We are working together on the first draft in the form of a detailed survey to assess each other’s archives. Then we aim to work together to refine the tool and take it for a test-drive in person and during visits. Should an archive measure itself based on the structure of its archival material? Perhaps it wishes to be sized by its workflows and policies. Should it look at diversity in its sourcing or uses, or both? How does it balance the rights of various constituents: creator, donor, community, archive, funder, researcher, audience? Is public engagement central to the archives as commons, as third place? How does one place increasing diversity in all measures? The Archives Health Tool is available for every archive, big and small, to assess and improve as they see fit. We hope the public will also nudge archives toward trying the tool out to improve their favourite archive, and get us all closer to archives.
The project is the first of its kind in India, and a free tool to benefit every memory institution – whether it is a personal almirah, or a state archive.
A little more about who runs Milli and what we have done?
We conceptualized and maintain the country’s first and free open guidebook on archives, ethics and law: https://milli.link/ethics-law/. Over the years, our free-to-public Milli Sessions covering every aspect of archiving (https://milli.link/milli-sessions/), have had thousands of participants from across India and other countries, and 40+ partnering institutions.

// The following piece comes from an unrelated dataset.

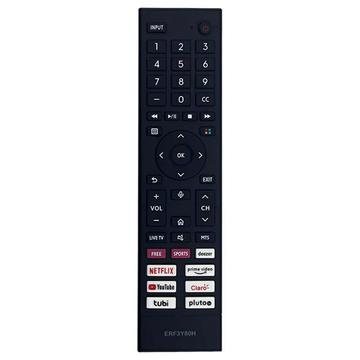 Télécommande universelle pour Hisense TV - Equivalent à ERF3Y80H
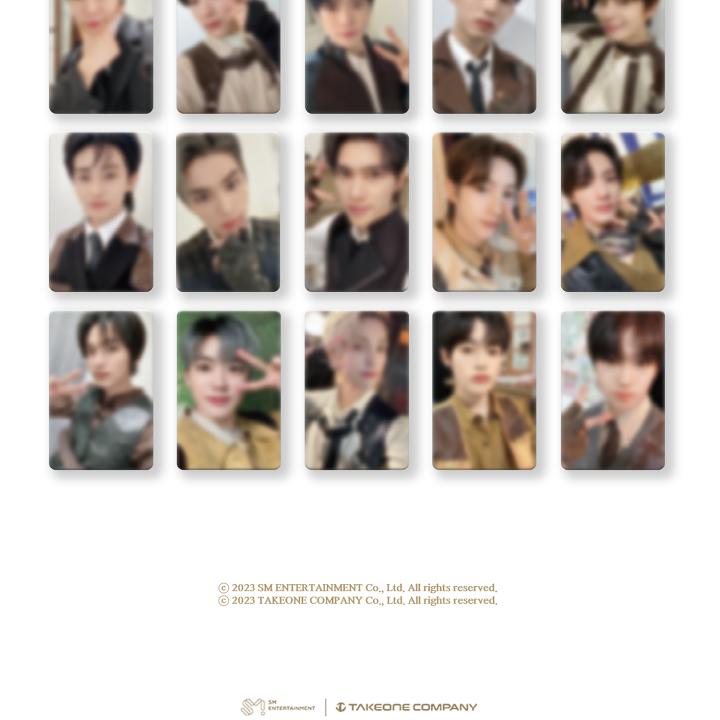 NCT ZONE COUPON CARD STEAMPUNK VER | OLIVE YOUNG Global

The Milli Archives Foundation has three serving co-directors: Venkat Srinivasan (Head, Archives at NCBS), Maya Dodd (educator and professor at FLAME University), and Jaya Ravindran (Retired Assistant Director, National Archives of India). Its open access projects are shaped and advised by the Milli Member Network, a set of 20+ archival organizations and archivists who have come together to advise and shape free-to-public archival projects that will benefit all archives in India.